Templeforth scowled. The expression emphasized his nascent wrinkles, but in essence, it simply made him look ugly—the worst imaginable effect, in the circumstances. There were certain effects of circumstances and temperament that the agent could not counter. The baronet was familiar with the effect, and he always tried suppress his surges of ill humor, in order to remain serene and handsome—but his powers of self-control were limited.

“I don’t understand your obsession with inducing the so-called agent to reproduce,” Sir Julian said, when he had regained his impassivity. “The point is to make the effect last, to make it permanent. You should be searching for a medicine that will prevent it from decaying in my body. That’s the key to the problem.”

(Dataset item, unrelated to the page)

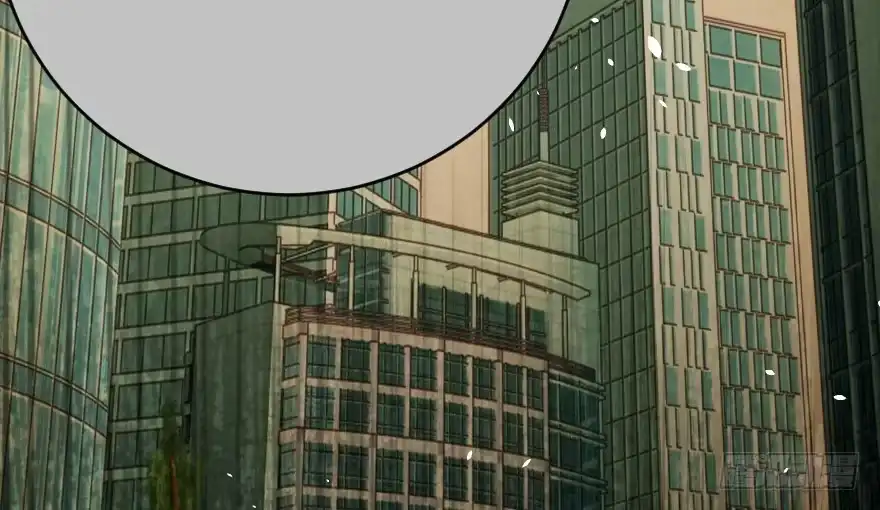 《重生娱乐圈：天后归来》121 第10页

From your viewpoint, yes, Mathieu thought. But from mine, you’re not the only one who matters. You’re just as much a trial subject as the poor donors.…

“Originally,” he said, babbling slightly. “I thought the extract might function like Jenner’s vaccine, that one dose might confer lasting immunity…and even when the effect proved temporary, I hoped to find a means of stabilizing in vitro, but it seems to me now that the agent is definitely alive, and mortal—in which case, finding a means of reproduction becomes vital to its preservation as well as its multiplication.”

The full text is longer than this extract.